Zakończyłam conocny obchód. Tym razem udało mi się wyciagnąć Bogdana, poleźliśmy tam gdzie wczoraj chodziłam z Basią.
Wiesz, że miałaś rację tam gdzie nam miauknęło były młode.
Dzisiaj zastaliśmy rodzinkę. Mamuśka z umaszczenia przypomina Kociołka, ale na pewno nie z wagi i figury, jednak podejrzewam, że telefon byl w sprawie tej kotki. Jak ją oświetliłam to mi przez moment serce zamarło w nadziei.
Ale potem zobaczyłam jaka jest drobniutka ....
Maluchy słodkie. Dwa.
Spotkaliśmy tez kilka innych egzemplarzy wylegującą sie pod samochodami. Cudne mordeczki. Ale mojej kochanej mordeczki ni widu ni słychu.
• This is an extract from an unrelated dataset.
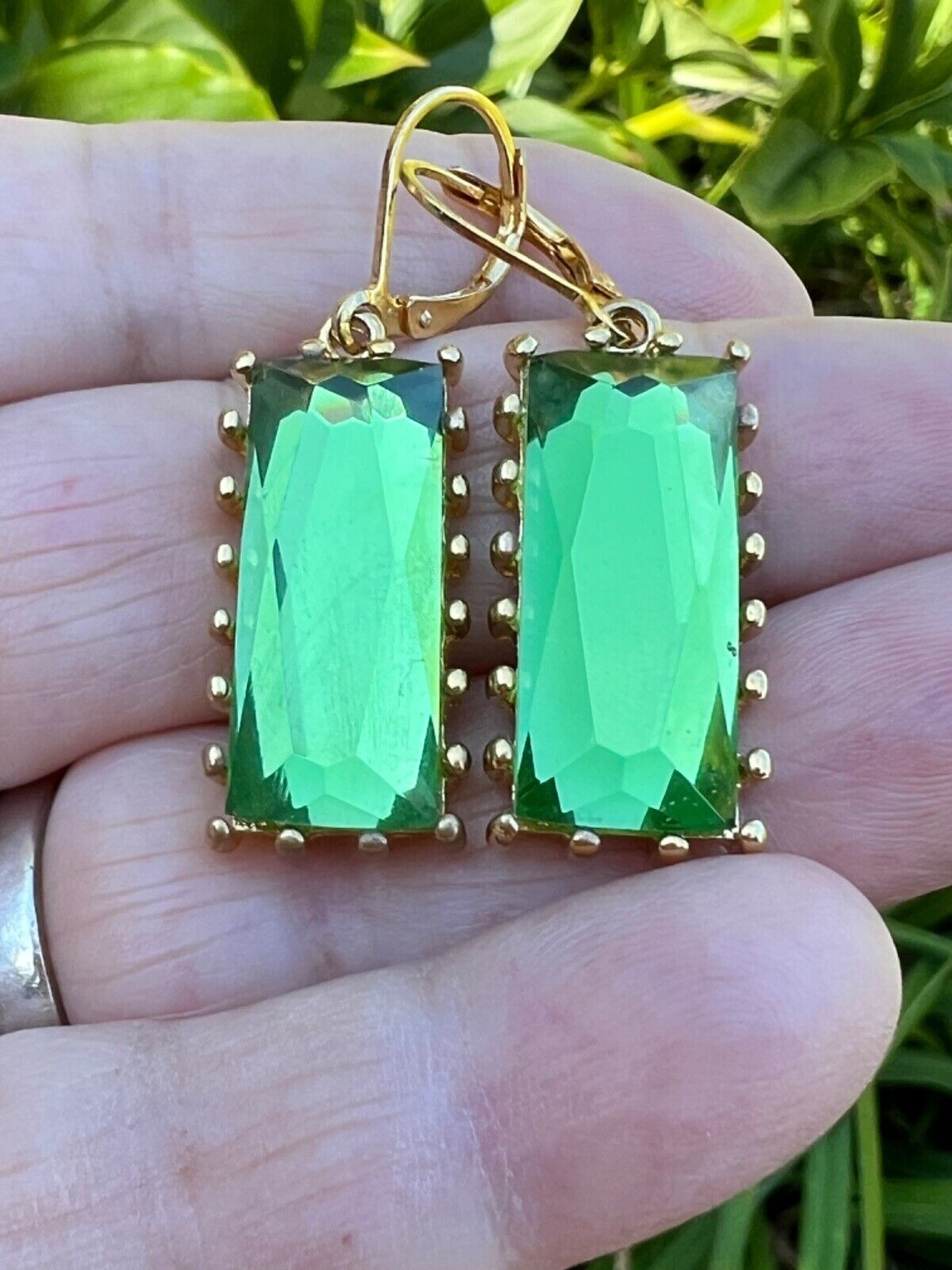 VINTAGE JOAN RIVERS LUMINESCENT GREEN FACETED CRY… - image 3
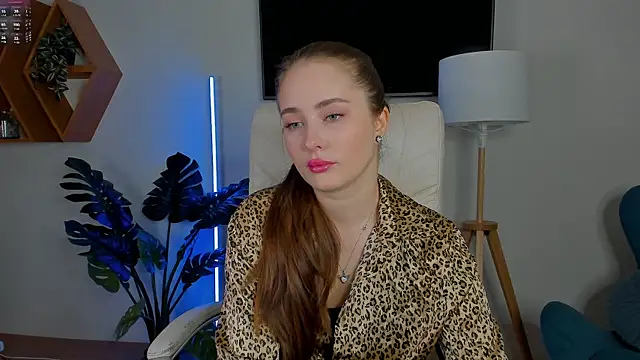 Sweet  Amily online show from 10-17-25, 12:30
Z tego co tu czytam dochodze do wniosku, że najbezpieczniejsza jest Litania do Wszystkich Świętych, któryś sie przecie w końcu zlituje.
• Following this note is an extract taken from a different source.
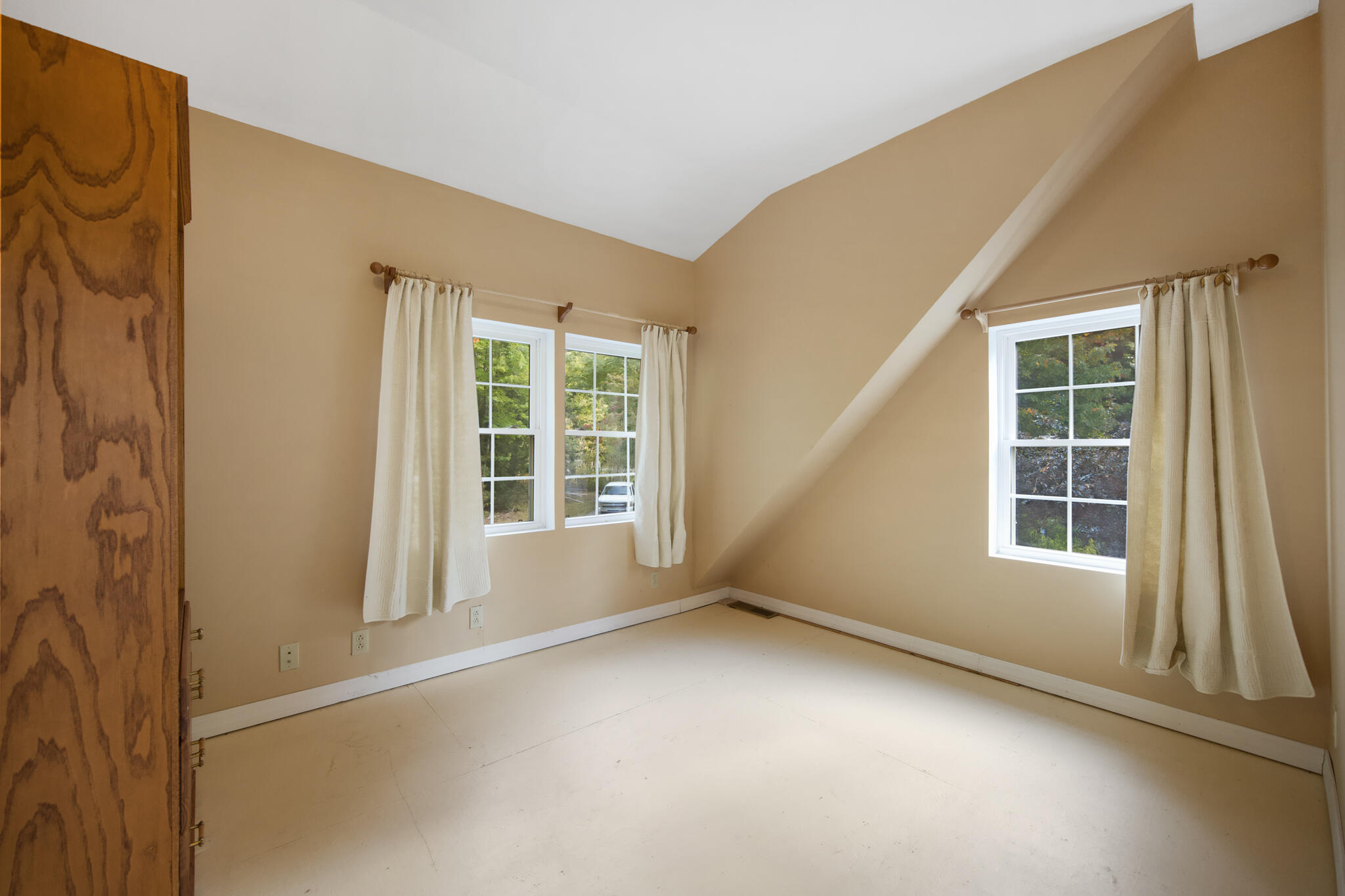 5 Mallard Lane Bradley ME 04411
Natomiast Hipcia jest nie do wytrzymania. Marudzi okropnie. Ciągle tylko wyciaga te chude łapięta jęcząc : ponoś mnie , no ponoś , natychmiast , szybko. I ciągle gada, jakby miała nam nie wiem co ważnego do zakomunikowania, tylko my jełopy nie umiemy docenić wagi tych wieści.